Stencil jumping, at times called stencil walking, is an algorithm to locate the grid element enclosing a given point for any structured mesh. In simple words, given a point and a structured mesh, this algorithm will help locate the grid element that will enclose the given point.

This algorithm finds extensive use in Computational Fluid Dynamics (CFD) in terms of holecutting and interpolation when two meshes lie one inside the other. The other variations of the problem would be something like this: Given a place, at which latitude and longitude does it lie? The brute force algorithm would find the distance of the point from every mesh point and see which is smallest. Another approach would be to use a binary search algorithm which would yield a result comparable in speed to the stencil jumping algorithm. A combination of both the binary search and the stencil jumping algorithm will yield an optimum result in the minimum possible time.

==The principle==

The point O lies inside the grid element ABCD.
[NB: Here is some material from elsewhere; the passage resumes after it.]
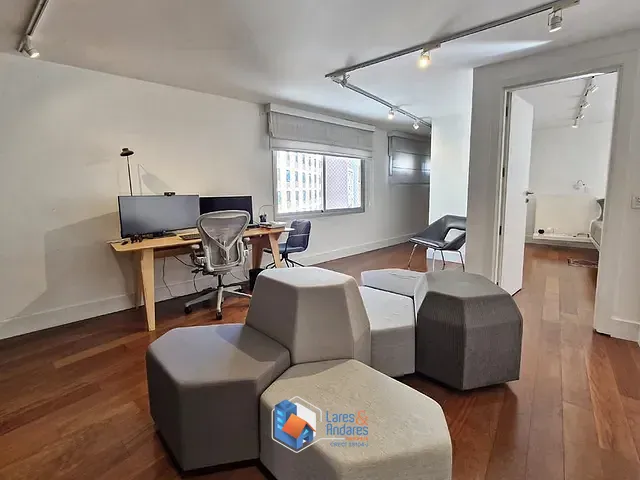 Apartamento 2 quartos e 3 banheiros, à venda, no bairro Centro em São Paulo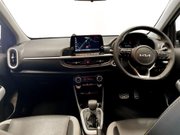 Kia Picanto 1.0 DPi X-Line S Hatchback 5dr Petrol AMT Euro 6 (s/s) (66 bhp) Cruise Cont 19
Consider one grid element of a 2-dimensional mesh as shown, for simplicity and consider a point O inside.
The vertices of the grid element are denoted by A, B, C and D and the vectors AB, BC, CD, DA, OA, OB, OC and OD are represented.
The cross product of OA and AB will yield a vector perpendicular to the plane coming out of the screen. We say that the magnitude of the cross product is positive. It will be observed that the cross products of OB and BC, OC and CD; and OD and DA are all positive.

The point O lies outside the grid element ABCD.

This is not the case when the point is outside.
Here we see that not all the cross products are positive. This is the major testing criterion in the algorithm.

==How does it move forward?==
The algorithm needs a guess grid element to start off. The grid element can be found by the location of one point say A. The other points can be automatically located by getting the subsequent points. The required cross products are then found in the order
1. OA × AB
2. OB × BC
3. OC × CD
4. OD × DA

Each of these cross products are checked one by one (in the order shown) on which becomes negative first. If OA × AB becomes negative first, the next guess should be one step ahead along DA. If OB × BC is negative first, move along AB by one step to find the next guess and so on.

The algorithm will converge at the exact grid element where all the cross products are positive.